== Your instructions ==
In this exercise, copy exactly the lines from the one that contains "Korean vs Immigrants" through the end of the entries below; pictures are not copied.

== Material to process ==
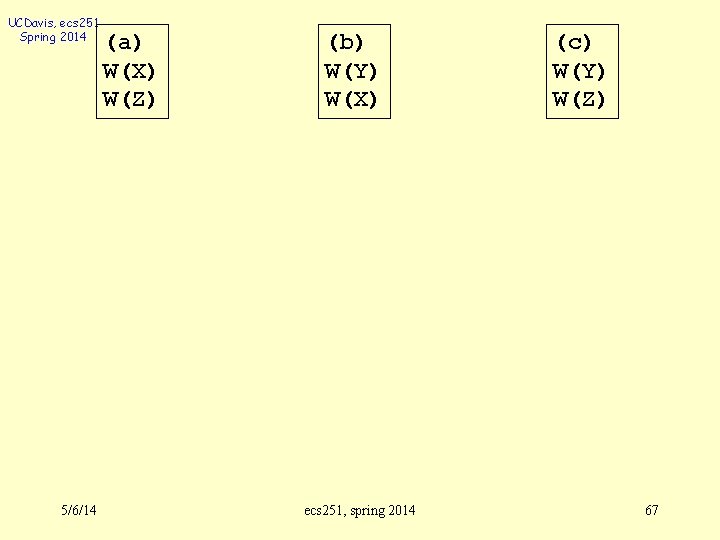 UCDavis, ecs 251 Spring 2014 5/6/14 (a) W(X) W(Z) (b) W(Y) W(X) ecs 251,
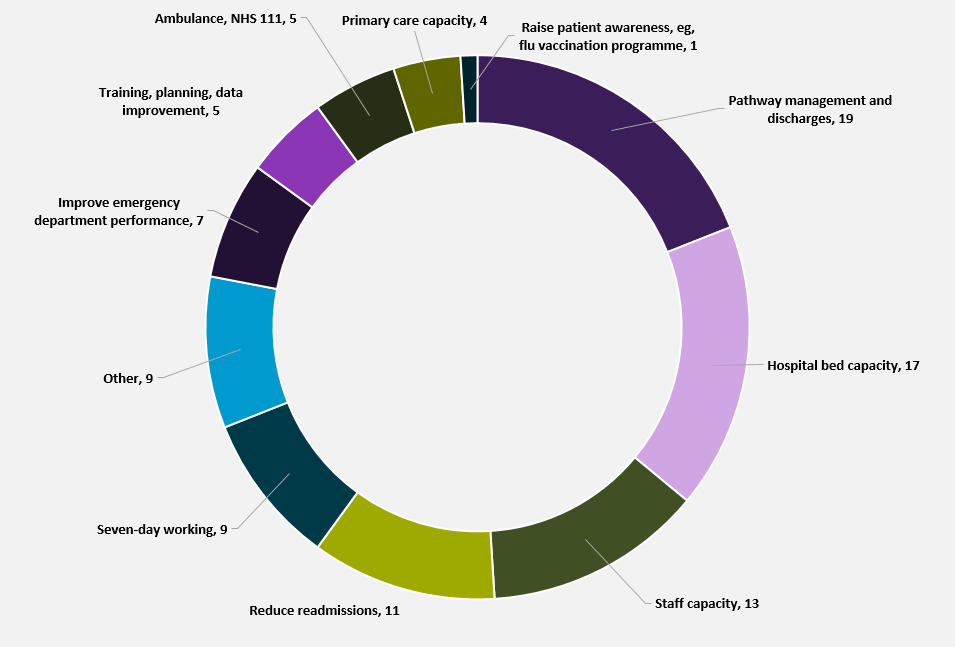 Figure 2: What is winter funding spent on?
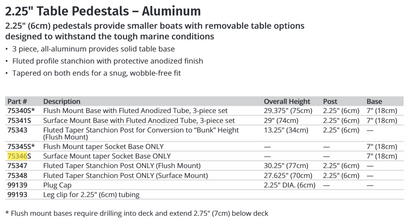 Garelick SOCKET BASE SURFACE MOUNT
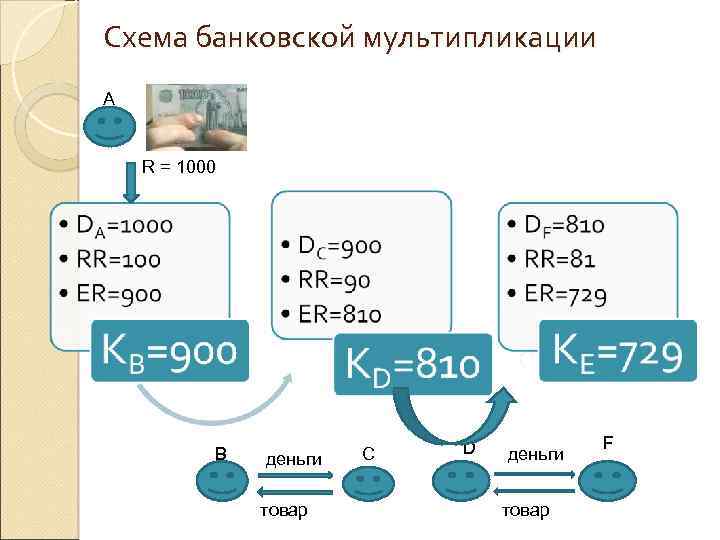 Схема банковской мультипликации А R = 1000 В деньги товар С D деньги товар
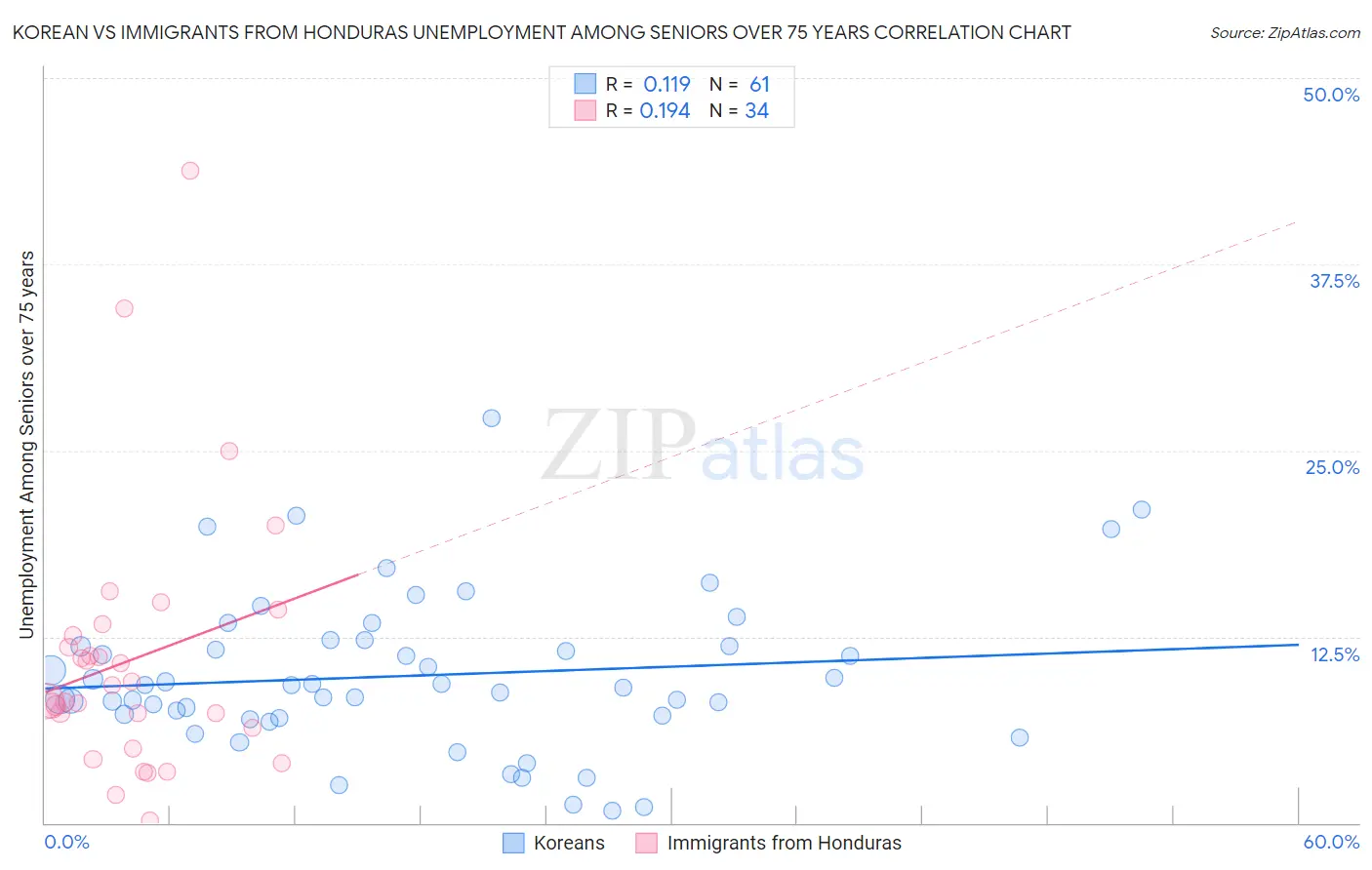 Korean vs Immigrants from Honduras Unemployment Among Seniors over 75 years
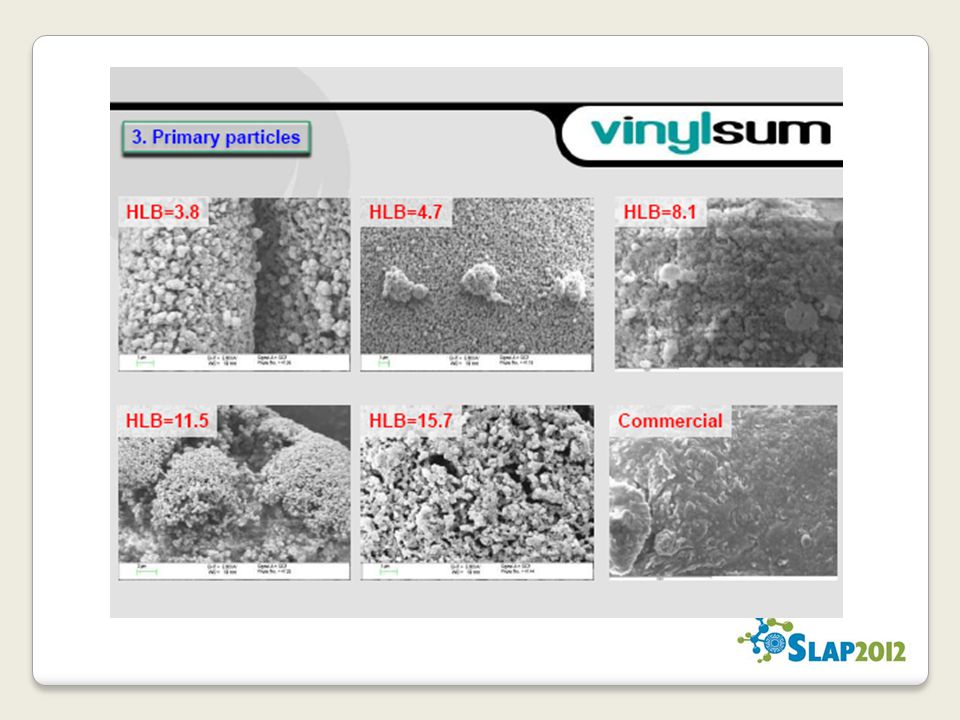Dr Stella Georgiadou ,Dr Noreen Thomas, Professor Marianne Gilbert, Professor B.W.Brooks BW (2012) Dispersion of nanoparticles in poly(vinyl chloride) grains during in situ polymerization, Journal of Applied Polymer Science, 124(3), pp , ISSN:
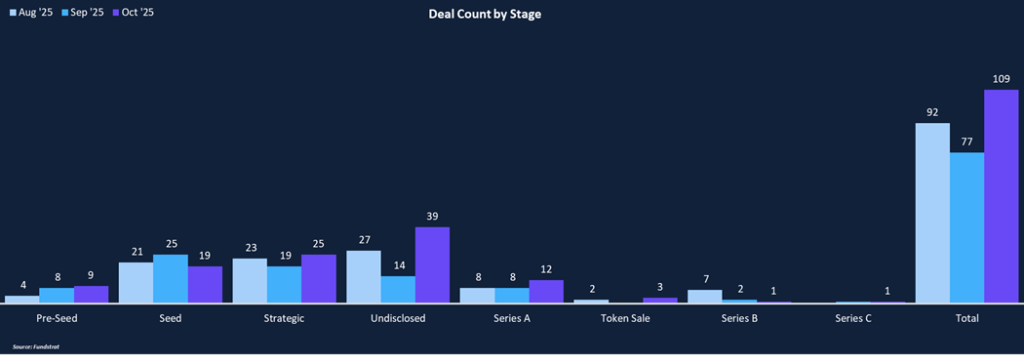 Futarchy Proving Successful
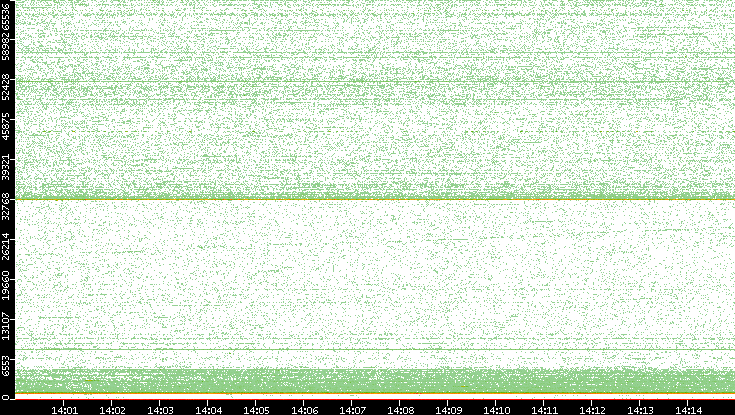 Dest. Port vs. Time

== Worked solution ==
 Korean vs Immigrants from Honduras Unemployment Among Seniors over 75 years
Dr Stella Georgiadou ,Dr Noreen Thomas, Professor Marianne Gilbert, Professor B.W.Brooks BW (2012) Dispersion of nanoparticles in poly(vinyl chloride) grains during in situ polymerization, Journal of Applied Polymer Science, 124(3), pp , ISSN:
 Futarchy Proving Successful
 Dest. Port vs. Time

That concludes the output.